:: EXERCISE ::
The entries need to be copied exactly as they stand, images left out.
▬▬▬▬▬▬▬▬▬▬
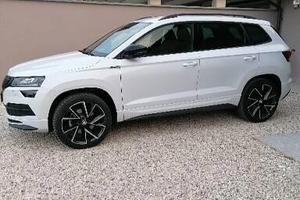 SKODA Karoq - 2019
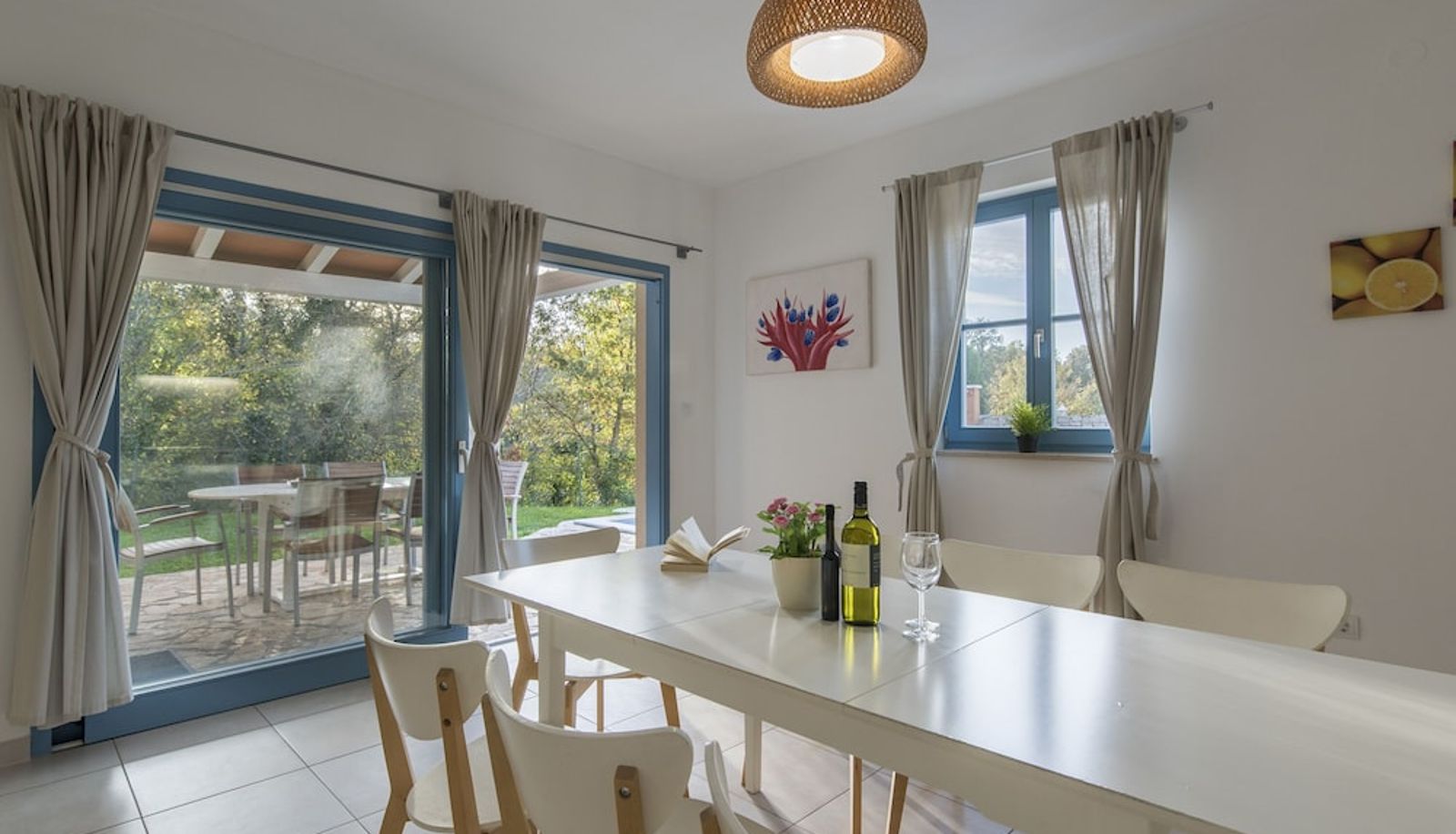 Apartamento - Villas Adagio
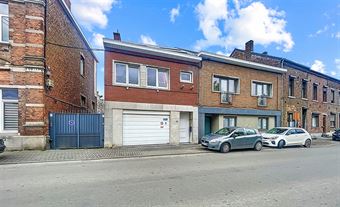 ***SOUS COMPROMIS-PLUS DE VISITE***
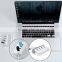 Aluminum USB 3.0 Hub High Speed 4 Port USB Hub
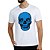 Camiseta Crânio - Imagem 1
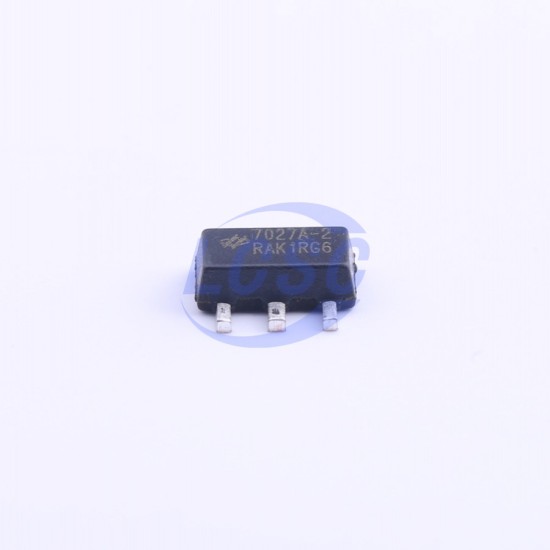 HOLTEK HT7027A-2 HOLTEK HT7027A-2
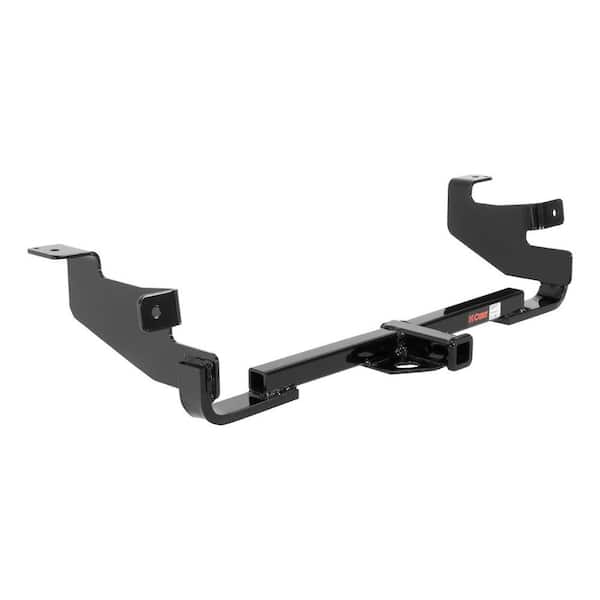 Class 1 Trailer Hitch, 1-1/4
▬▬▬▬▬▬▬▬▬▬
:: TASK SOLUTION ::
 SKODA Karoq - 2019
 Apartamento - Villas Adagio
 ***SOUS COMPROMIS-PLUS DE VISITE***
 Aluminum USB 3.0 Hub High Speed 4 Port USB Hub
 Camiseta Crânio - Imagem 1
 HOLTEK HT7027A-2 HOLTEK HT7027A-2
 Class 1 Trailer Hitch, 1-1/4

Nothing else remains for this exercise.